早稲田大学研究戦略センター 教授
松永 康氏
複数の研究者が連携して予算規模の大きな研究を進める、大型プロジェクト。その立ち上げには、研究者同士、また研究者と支援スタッフとの連携が必須となる。どのようなテーマであれば、大型プロジェクトに成り得るのか。また、どのような研究者が参加できるのか。早稲田大学研究戦略センターでリサーチ・アドミニストレーターとして活躍する松永康氏にお話をうかがった。

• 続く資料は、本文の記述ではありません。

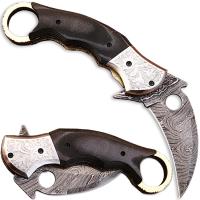 FDM-2541 - Ka-Rambo Damascus Folding Knife (Karambit) Micarta w Engraved St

研究戦略センターの見立てによると、約2,000名いる早稲田大学の研究者の中で、研究グループをつくり、大型プロジェクトを発足し得るのは、わずか10名程度だという。その少数の研究者が満たす条件は、実績があり、大学の方針と国の方針に沿った研究を行っているというものだ。まずは自分の分野で、論文数や外部資金獲得実績、国際的な共同研究の実施など、数値で表せる実績を積んでいなければならない。このひとつめの評価軸をクリアした研究者を評価する次の軸が、大学が掲げる大方針との整合性だ。早稲田大学では2032年に向けて教育・研究の質を飛躍的に向上させることを目的としたWaseda Vision 150を打ち出しており、その中で大学として強化する重点領域研究を策定している。

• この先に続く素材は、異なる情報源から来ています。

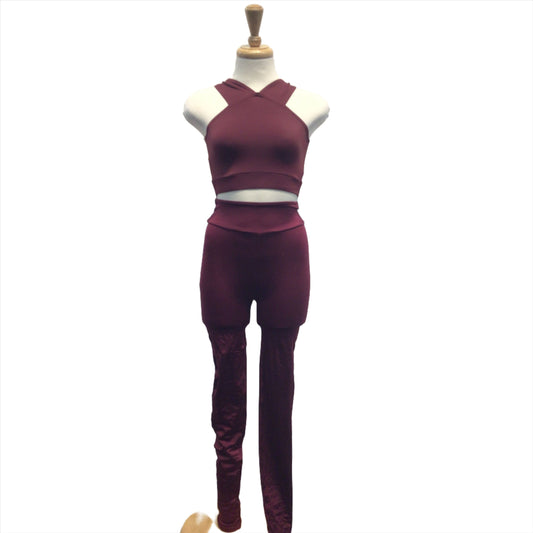 Maroon Leggings with Sports Top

「重点領域研究には3年間の学内予算をつけ、さらに大型の外部資金獲得を目指して育てていきます」。そのためには、大学の方針だけで進めるのではなく、社会や国の動きを見極めなければならない。文部科学省や日本学術振興会が設置する大型予算を狙い、文科省等とのディスカッションも行いながら、政府の大方針を学内研究評価の第3の軸として加える。実績、大学の方針、国の方針の3軸による評価をクリアする研究者を束ね、ヒアリングを行った上で、新たな学内組織を発足するのだ。
松永氏はさらに、これらトップ研究者たちがなぜトップたり得たのかを明らかにするため、彼らのキャリアについてヒアリングを行った。その結果、彼らはみな、地道に研究成果を積み重ねる努力をしてきていること、過去に何らかの視点の転換のきっかけがあったことという2つの共通点を持っていることが浮き彫りになった。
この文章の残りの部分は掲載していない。